But let’s talk about the pros and cons. Uh, this– the speed attribute is huge and it’s talked about and it should be talked about because Delaware doesn’t work.
And this three to four years to get to a decision to lower court and then another two years to get a decision by the Federal Circuit before you have finality is just, it does not work for U.S. companies. It does not work for the speed of the economy.
And the UPC’s exploited that well, but I think there are some other points to make. On preliminary relief, the numbers in the U.S., the last numbers I see are roughly 10% of PIs are granted, right? And that is a number that is biased by the fact that not many PIs are brought because everyone knows only 10% of PIs are granted. In the UPC, we’re at 60% of PIs being granted.
That is an incredible remedy. It is an incredible remedy. It puts a lot of pressure when we’re on the plaintiff’s side on the other party.
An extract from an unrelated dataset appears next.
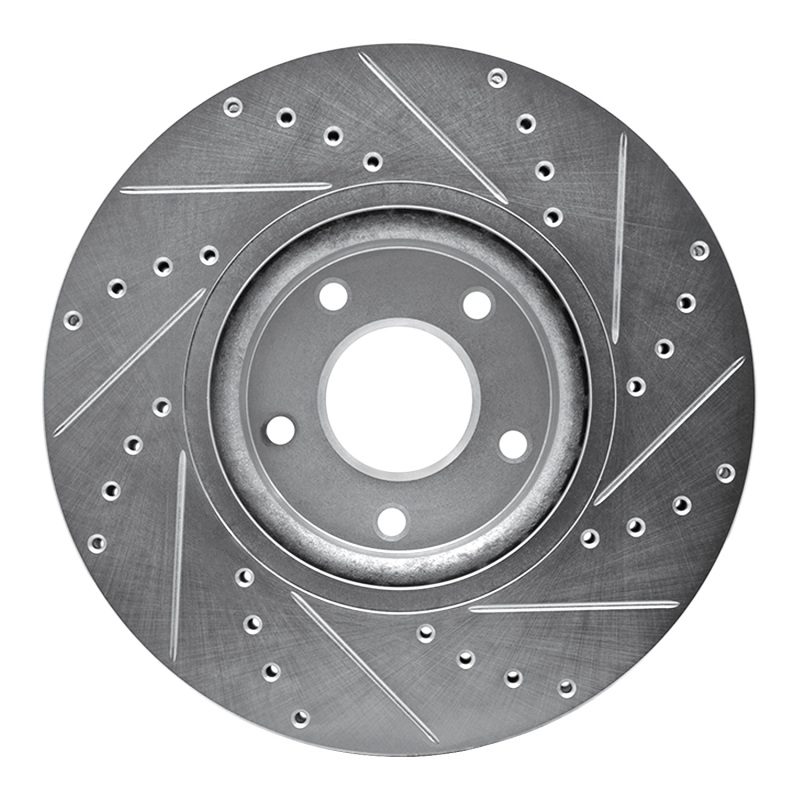 Picture of RNC Brake Rotor - Drill & Slot - R1 07-17 Nissan Juke Front Left Drilled & Slotted Silver Brake Rotor rnc631-67059L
But some other features that go underappreciated, to those who don’t practice in Europe o– often, there is an ability to amend claims on the fly.
I mean, what could make me happier? Right?
(laughter)
Like, it’s like you know, someone just gave you a completely new tool that creates another set of rules in the game, which is super fun. But I will point out on the balance side that Chris was hitting the validity part can either be looked at as creating balance, or it can be looked at as potentially a negative attribute in the system because you have many choices of validity attacks if you’re a defendant. You’ve got a counterclaim for revocation, you’ve got a central revocation action, you have EP oppositions, and if the facts support it, you may even have national counterpart nullity actions.
So, the defendant controls that timing to some extent, and that does create some balance in the system on the validity side, and you should have some confidence that your palle– patents will survive the rather more formalistic test of a European validity challenge than it would in the U.S. This is not a hand-waving district court exercise where, okay, in 20% of the cases, the patent’s getting validated.
The courts will look hard at validity. The last point I want to make, though, is on this, the point you made, Chris, about a lot of the actions coming out of Germany. That is true, and it raises, to me, both a substantive and political question with respect to the Court of Appeals because the Court of Appeals is being very active, and maybe active in a way that would surprise us for the normal rules around a– a review court.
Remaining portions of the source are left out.